I gave someone directions to a theater today
I guess I am a movie director now.
My least favourite hue is purple. It's worse than red and blue combined.
The painter wanted to feel the texture, so he buttered his toast with his fingers.
What do you call a painting by a cat of herself? A self paw-trait.
Did you see the display of still-life art? It was not at all moving.
I was watching a movie when the screen started to emit blue light. Guess this is one of the cons of watching movies on Blue Ray.
Why are artists so temperamental? They have to get into the right frame of mind.
I just beat my friend in a Wild West themed art race!
I was quicker to the draw.
Q: How do Japanese artists bid farewell?
A: Cyan-Nara!
Why did the artist cross the street? To crosshatch to the other side.
I thought the play was frightful but I saw it under particularly unfortunate circumstances - the curtain was up.
Who do you call a pig who can paint like a great artist? Pablo PIGcaso.
They say that she only paints night scenes. Other artists really pale by comparison.
Q: How does an artist fill in a CV?
A: He draws on experience.
Q: What did the artist say to the dentist?-
A: Matisse hurt
Artists are colorful people who know how to draw on their emotions.
I had a job directing an elementary school theater production.
It wasn't hard work, after all, it was child's play.
In the paintball game, I shot a guy thrice. He dyed on impact.
Today, we had to create a new hang position for some lighting fixtures. After all day trying, we couldn't get the new batten hung properly.
Turns out it was just a pipe dream.
If you photograph your pimples, is zit art?
Blue and orange are always polite and amicable with each other because they are complementary colors.
What did the painter say to the wall? Another crack like that and I'll have to plaster you!

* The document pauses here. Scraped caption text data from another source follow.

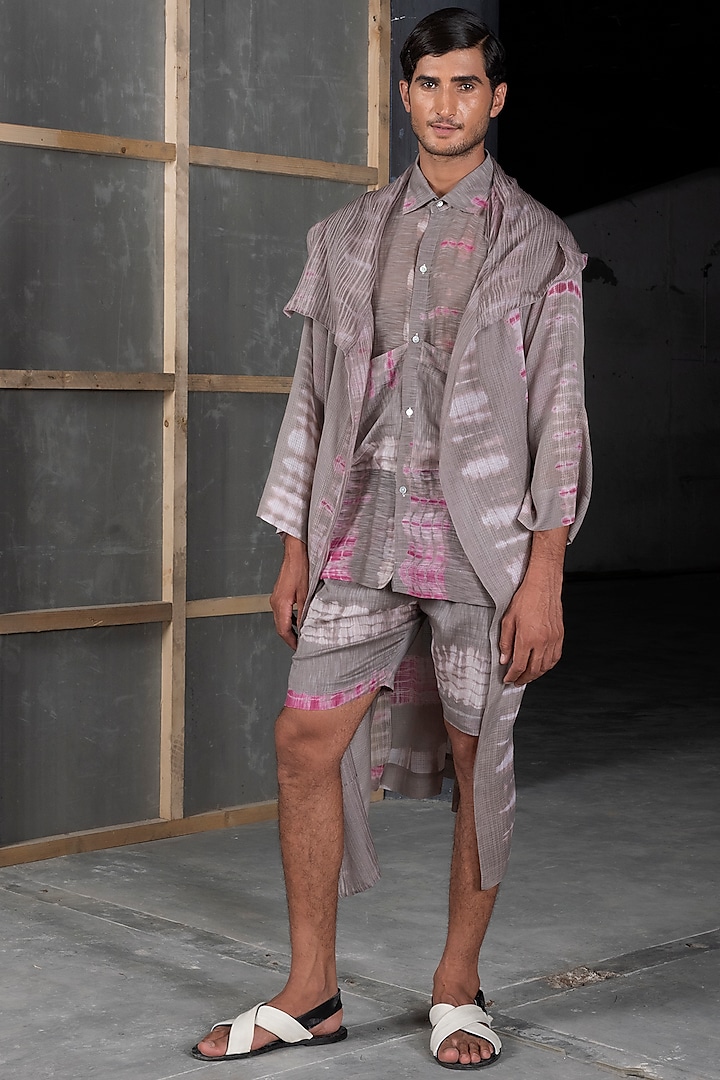 Ash Grey Silk Cotton Shorts by Urvashi Kaur Men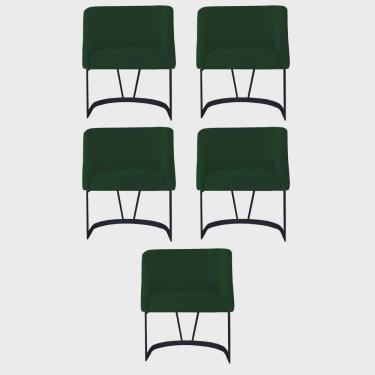 Imagem de Kit 05 Poltrona Cadeira Aurora Luxo Confort Industrial Ferro Preto Suede Verde Escuro - Ahz Móveis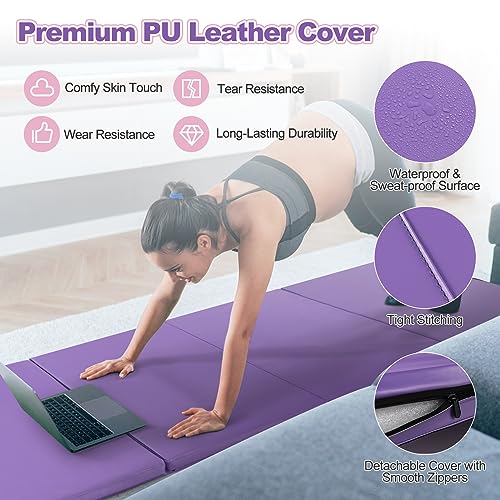 Goplus Gymnastics Mat, Folding Tumbling Mat with Carry Handles, Hook & Loop Fasteners, 4 Panels for Fitness Exercise Yoga Stretching Aerobics Workouts, Thick Gym Mats for Home - color: Purple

Blue and green stopped fighting because they had agreed on peace teal.
I went to a new kind of show yesterday, which was hosted by a color-changing lizard. He was a good stand-up chameleon.
Why do old artists never die? They just put things in perspective.

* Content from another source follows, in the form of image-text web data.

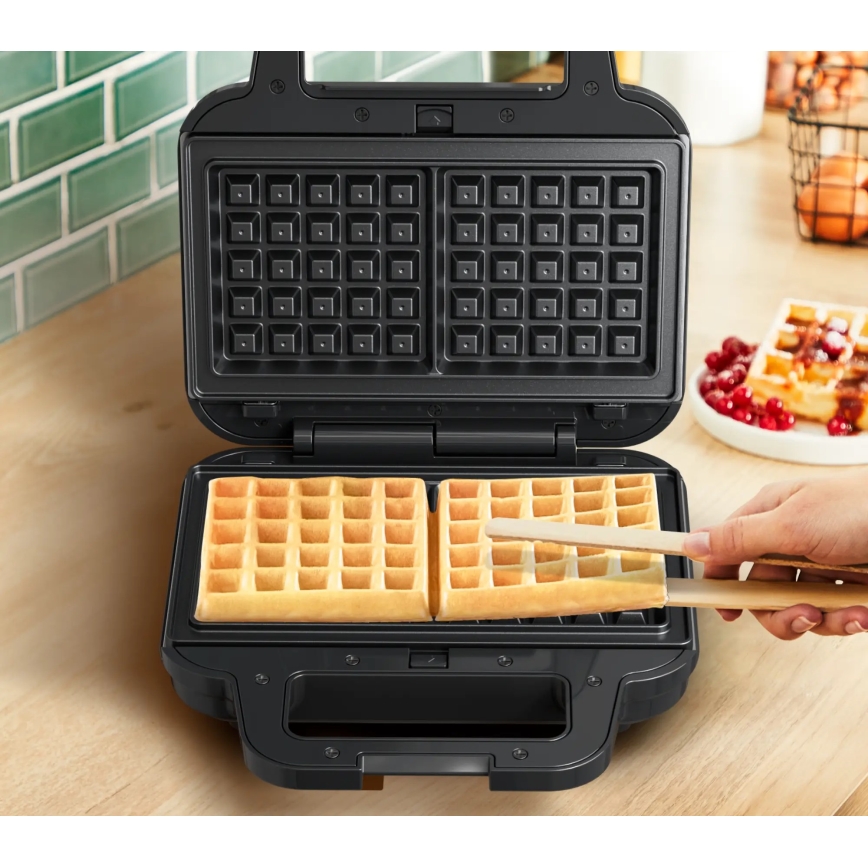 Tefal - Sandwichmaker ULTRA COMPACT 3in1 700W/230V schwarz/matt Chrom
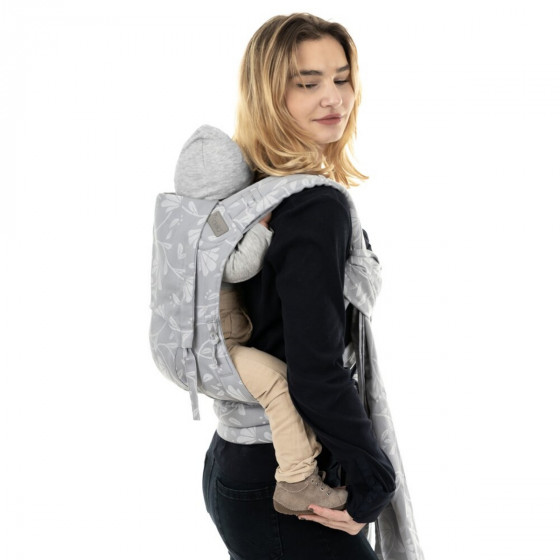 Fidella Fly Tai - Mei Tai baby carrier Floral Touch Lunar Grey Toddler size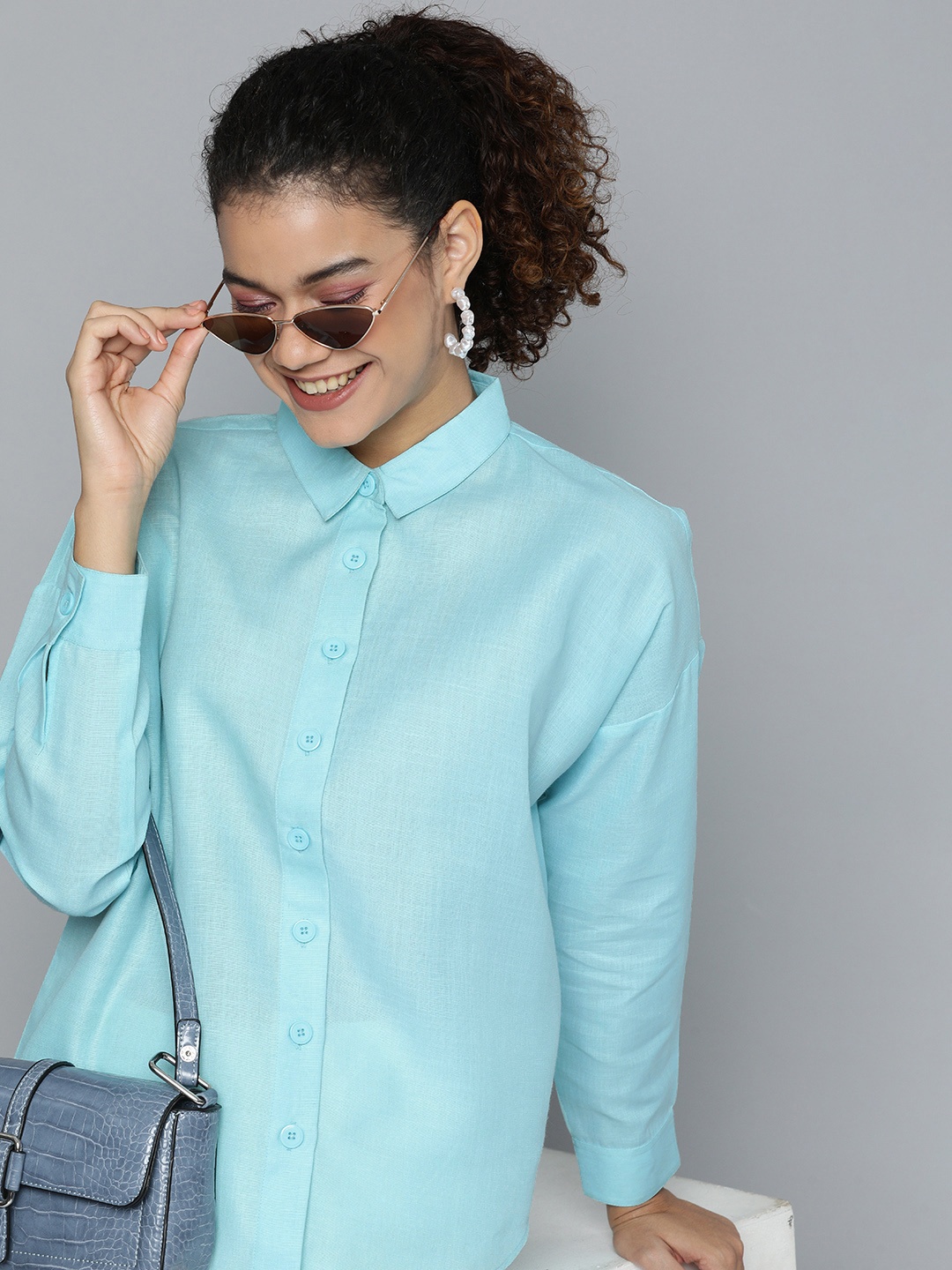 

HERE&NOW Women Blue Pure Cotton Comfort Boxy Casual Shirt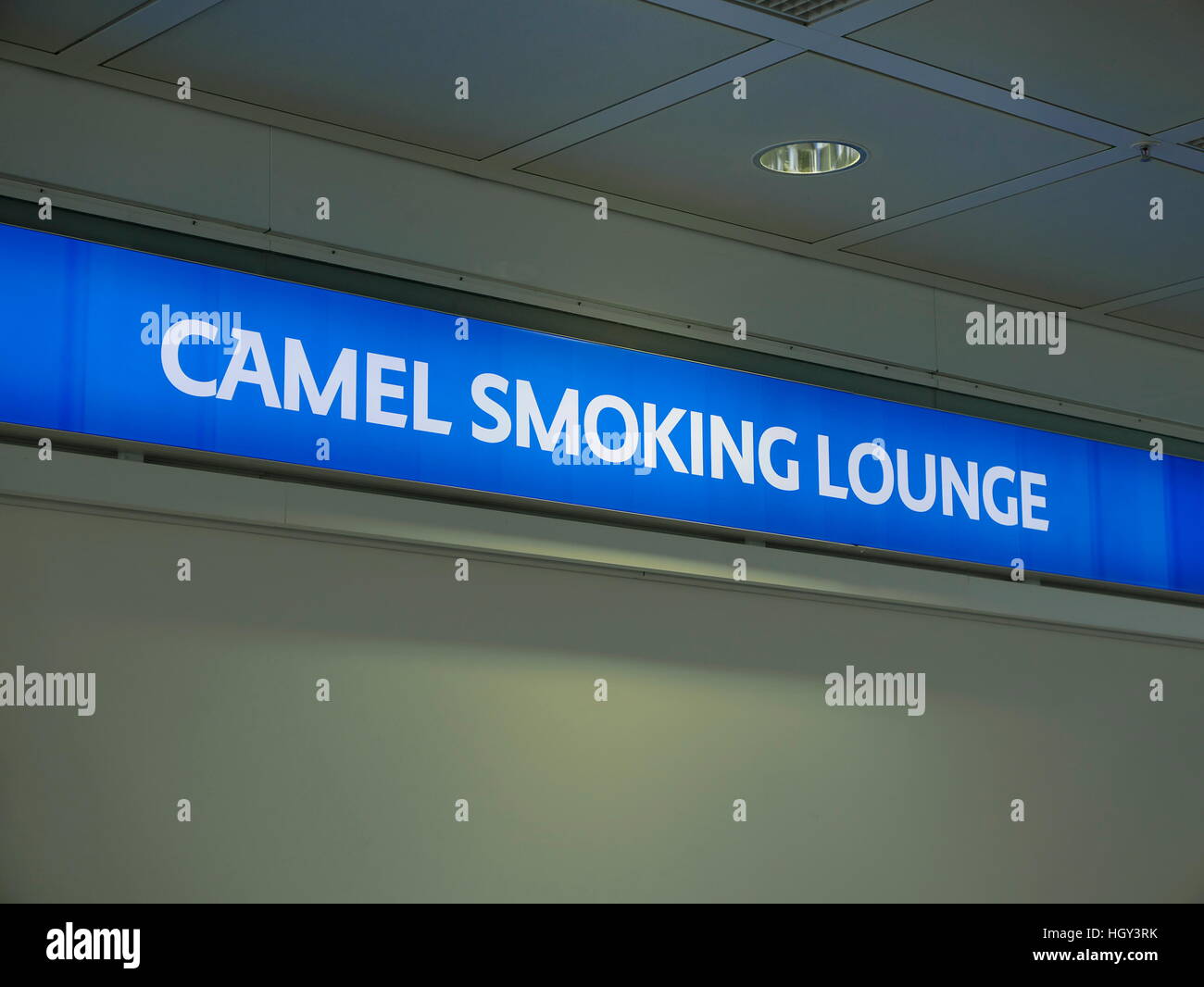 Germany Munich international airport camel cigarette smoking lounge. Commerical business supported smoking lounge Stock Photo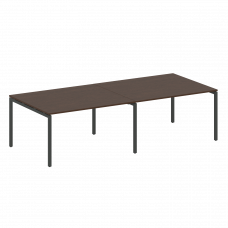 Metal System Quattro Переговорный стол (2 столешницы) на П-образном м/к 40БП.ПРГ-2.3 Венге Цаво/Мета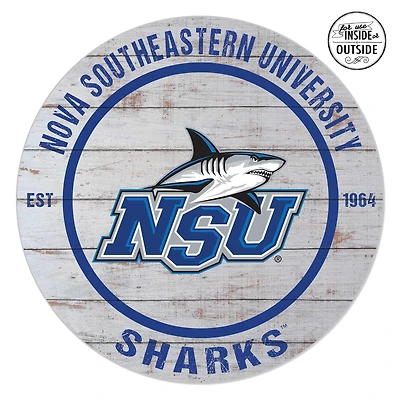 Nova Southeastern Sharks 20'' x 20'' Indoor/Outdoor Weathered Circle Sign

My theater group is writing a sci-fi thriller about classical musicians.
I'll be Bach.
A prankster played a really dark and dim-witted joke at the theatre. He turned off the lights.
What do you call a crimson-colored fish wearing a hat?
A red herring...
When I went into my art lesson covered in yeast and flower, my teacher said I was the perfect roll-model.
Why did the artist use the bathroom? Because she was consta-painted.